Friday, September 19, 2003
(11:13 PM) | Adam Kotsko:
Ethical Dilemmas
Adam Smith gave me a link to this recent article by Slavoj Zizek, entitled "Bring Me My Phillips Full Mental Jacket." Like most of Zizek's writings, it is inconsistent: at times really brilliant and invigorating, and at times appearing to wallow in the most obvious banalities. I am beginning to think that Zizek is a true theorist in the classic continental tradition. Like Foucault, he has shown that he has considerable erudition and can do the scholarly heavy lifting with the best of them -- for instance, The Indivisible Remainder (available in paperback only in Canada, for reasons I can't quite ascertain) was a genuinely good critical introduction to Schelling, even if it did got bogged down in way too much Lacan, and Tarrying with the Negative certainly helped me to understand Kant and Hegel beyond the textbook cliches. Now, however, he seems to have decided that the best way to go is to make sweeping, very interesting assertions -- for instance, "Yes, Christianity is at the root of Marxism, and the two need to work together," as in The Fragile Absolute -- and then write a very bizarre book full of good passages, interesting analyses, and a variety of materials that aren't related in any obvious ways to the deeply subversive thesis. After two or three times through, as I have mentioned before, I did figure out what he was doing in The Fragile Absolute, and it is deeply satisfying, but three times through one short book, just to see the freaking point, seems like a little bit much to ask from non-fanatical readers.
The difference in this article is that the "money quote" comes at the end of an argument that up to this point has seemed to be a rather pedestrian analysis of the ethical dilemmas posed by scientific advances (albeit with hints toward something more subversive):
Reducing my being to the genome forces me to traverse the phantasmal stuff of which my ego is made, and only in this way can my subjectivity properly emerge.

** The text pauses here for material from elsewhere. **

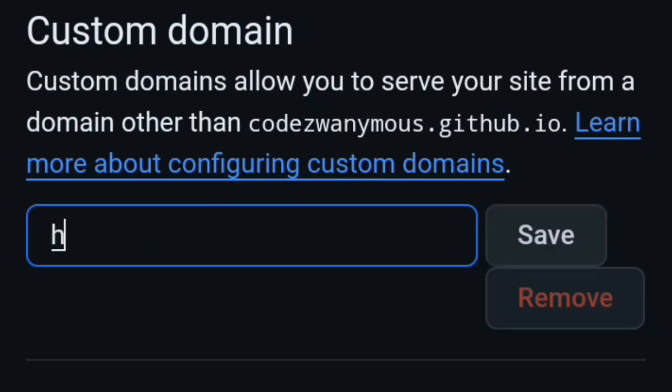Scroll again, go to Custom Domain, write HTTPS slash slash and save it.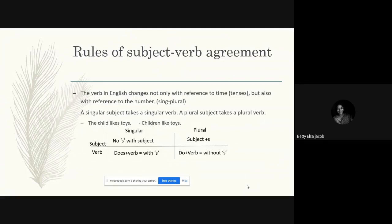The verb in English changes not only with reference to time — as in tenses — but also with reference to number. If we have a singular subject, we use a singular verb; if we have a plural subject, we use a plural verb. For example: 'The child likes toys.' The child is a singular subject with no 's,' while 'likes' is the singular verb formed by adding 'does' to the verb, so it comes with an 's.'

The point is familiar to readers of Zizek, but, to quote the White Stripes, "it bears repeating." There is always a pure determinism at work, primarily (in Lacan) the rules of the symbolic order of language. Bringing this determinism down to the level of brain chemistry doesn't change anything, especially when deep down, we all pretty much knew that there was determinism at that level anyway -- those who advocate an entirely law-governed physical universe cannot possibly fail to see that our bodies, including our brains, are part of that physical universe. There is, however, always an excess produced by this very lockstep determinism, the "indivisible remainder" which is the pure negativity of the subject, that "something else" that we can't account for. We can, and do, ignore that "something else," but that always implies a certain loss of nerve. Even if we argue that our genetic code predisposes us to lose our nerve, we can't escape from the empty space of subjectivity -- after all, where were we standing when we said that our genetic code predisposes us... except in the place of the free subject?
One question to be considered (perhaps Jared Woodward or Anthony Smith could weigh in on this one): for Zizek, is there any way to get at subjectivity except psychoanalysis? Parallel to the familiar C. S. Lewis argument according to which salvation comes only through Christ, even if the saved person does not know Christ is doing the saving, is it the case that every path toward true subjectivity is analysis by other means, whether the subject recognizes it as such or not? Is there an ethical obligation to undergo psychoanalysis, by whatever means necessary?